Within six months, the hospital had substantially increased the number of patients treated, and impressed with his work, Beauchamp was named chairperson for clinical operations at Johns Hopkins Medical Institution.
“It was a team approach, and I’ve tried to maintain and respect that everyone, independent of their background, is incredibly smart and can contribute to making a difference,” Beauchamp said. “I think that was also an early lesson that I’ve carried with me throughout my career.”
Another of Beauchamp’s favorite lessons: “Learn always.” Having decided early on what he wanted to do with his life, the first hurdles seemed to be in, despite knowing the path he would take, not having the skills to get there. So, he began to study, not just books, but also people, taking habits from those who appeared to be effective while also studying the habits of those who weren’t and purposefully avoiding repeating those mistakes.
He studied fields that many would write off as irrelevant, but Beauchamp said he believes “the great advances in health care will come from a convergence of many different backgrounds.” So, he read articles and books on behavioral economics, industrial engineering and change management. So effusively does Beauchamp believe in the idea of always learning, that when he goes jogging, he listens to books on tape.
“I’m a big fan of mixing passions, so running while acquiring knowledge is a very cool thing for me,” he said.
Beauchamp continued his work at Johns Hopkins until 2002, when he took a position as a professor and chairperson of the department of radiology at the University of Washington.
While at UW, Beauchamp continued to preach the importance of compassion in medicine and helped spearhead an initiative which, for one week, created what many called the largest free health clinic in the United States. In 2014, Beauchamp served as medical director of a free health clinic held in Seattle’s KeyArena, former home of the Seattle Supersonics. Over the course of a week, the free clinic helped more than 4,000 patients and has continued annually since.
“Many folks felt that you couldn’t take care of that many people and do it respectfully, but we did a survey afterward, and 97 percent of people felt cared about,” Beauchamp said. ”It wasn’t about money, it wasn’t about prestige, but it was about how you help people who struggle. And I would say that leading with compassion will be the key to how we solve these challenges.”
In his return to MSU, Beauchamp found an administration and a community that fits his view of compassionate care to the fullest. Since stepping into the role in October, Beauchamp has had countless encounters with community leaders, not just from university donors like Peter and Joan Secchia, but also leaders at Grand Valley State University and Spectrum Health, to name a few.

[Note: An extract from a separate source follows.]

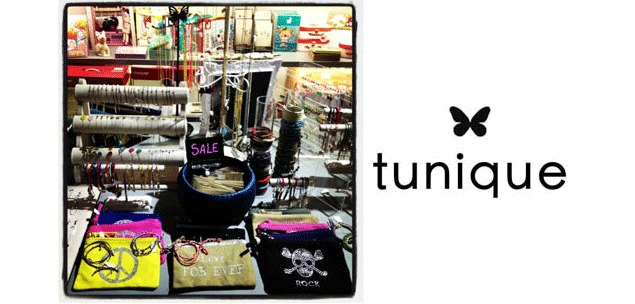 Partner News - Tunique at Petit Bazaar!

“Everything that I’ve thought about the core values, about the commitment to making a difference are borne to be true in my first 45 days,” Beauchamp said.
While attending the MSU College of Human Medicine, Beauchamp recalls speaking with then-dean Donald Weston, telling the late dean that one day, he wanted to return to the university and give back in some way.
Now, he has the chance to do just that.
“As I meet with the staff and faculty here as well, they’ve proven to also be deep believers in helping and lessen the struggles of others, and that has been invigorating,” Beauchamp said.